PROBLEM → Exact copy, pictures excluded: write out every line below.

DATA SECTION →
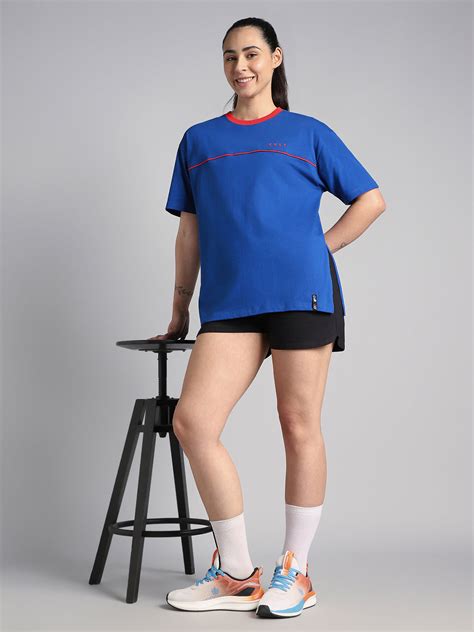 Buy Women's Blue Cult Classic Oversized Fit T-shirt Online in India ...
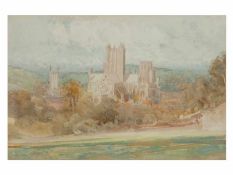 Hine Harry. England 1845 - 1941."Wells Cathedral & St. Cuthberts". Aquarell, Passepartout hinter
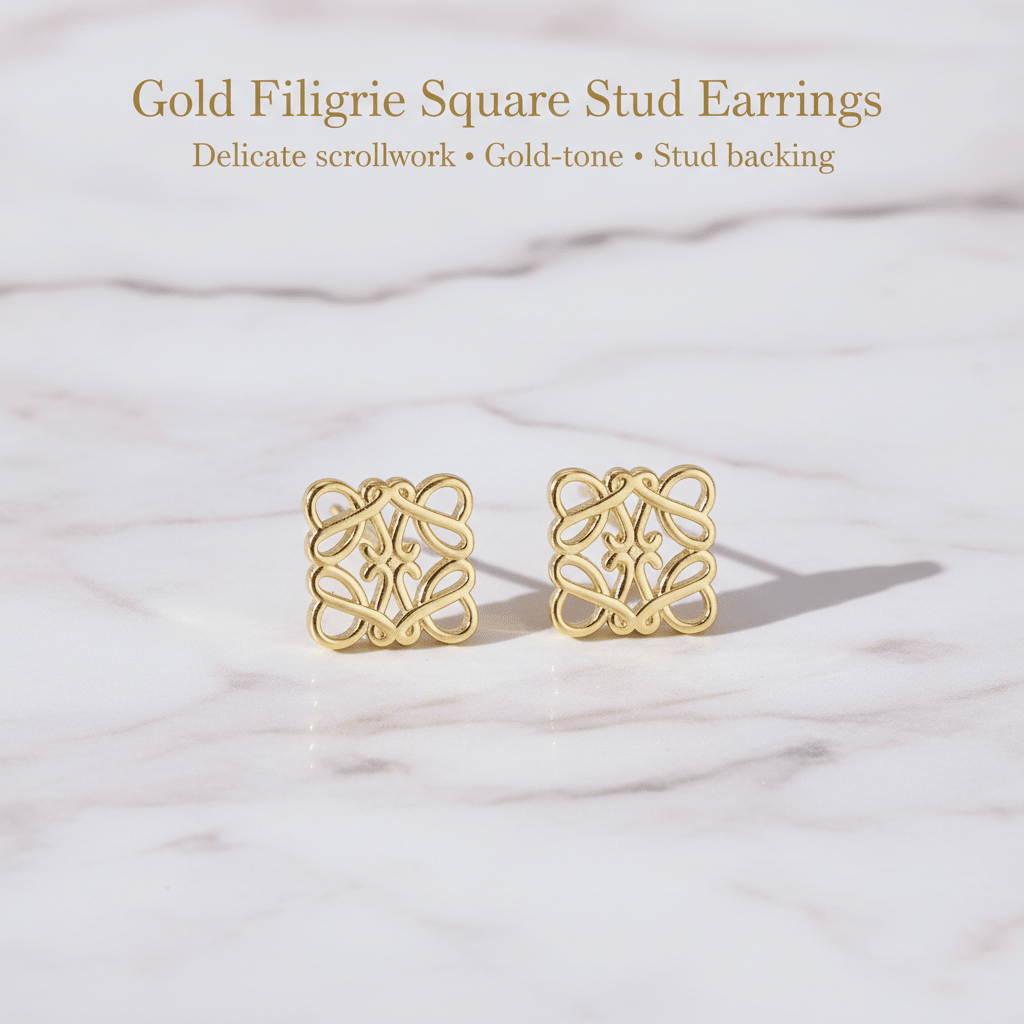 Small Gold Filigree Square Stud Earrings on pink marble background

EXPECTED ANSWER →
 Buy Women's Blue Cult Classic Oversized Fit T-shirt Online in India ...
 Hine Harry. England 1845 - 1941."Wells Cathedral & St. Cuthberts". Aquarell, Passepartout hinter
 Small Gold Filigree Square Stud Earrings on pink marble background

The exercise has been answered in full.